Convergence Guarantees for Adversarially Robust Classifiers
Rachel Morris · Oct 3, 2025
Date: 2025-10-03
Time: 15:30-16:30 (Montreal time)
Location: In person, Burnside 1104
https://mcgill.zoom.us/j/82469112499
Meeting ID: 824 6911 2499
Passcode: None
Abstract:
Neural networks can be trained to classify images and achieve high levels of accuracy. However, researchers have discovered that well-targeted perturbations of an image can completely fool a trained classifier, even in cases where the modified image is visually indistinguishable from the original. This has sparked many new approaches to classification which include an adversary in the training process: such an adversary can improve robustness and generalization properties at the cost of decreased accuracy and increased training time. In this presentation, I will explore the connection between a certain class of adversarial training problems and the Bayes classification problem for binary classification.
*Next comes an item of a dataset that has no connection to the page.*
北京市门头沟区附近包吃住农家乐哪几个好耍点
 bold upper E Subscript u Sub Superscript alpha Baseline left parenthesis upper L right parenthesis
In particular, robustness can be encouraged by adding a regularizing nonlocal perimeter term, providing a strong connection to classical studies of perimeter. Borrowing tools from geometric measure theory, I will show the Hausdorff convergence of adversarially robust classifiers to Bayes classifiers as the strength of adversary decreases to 0. In this way, the theoretical results discussed in the presentation provide a rigorous comparison with the standard Bayes classification problem.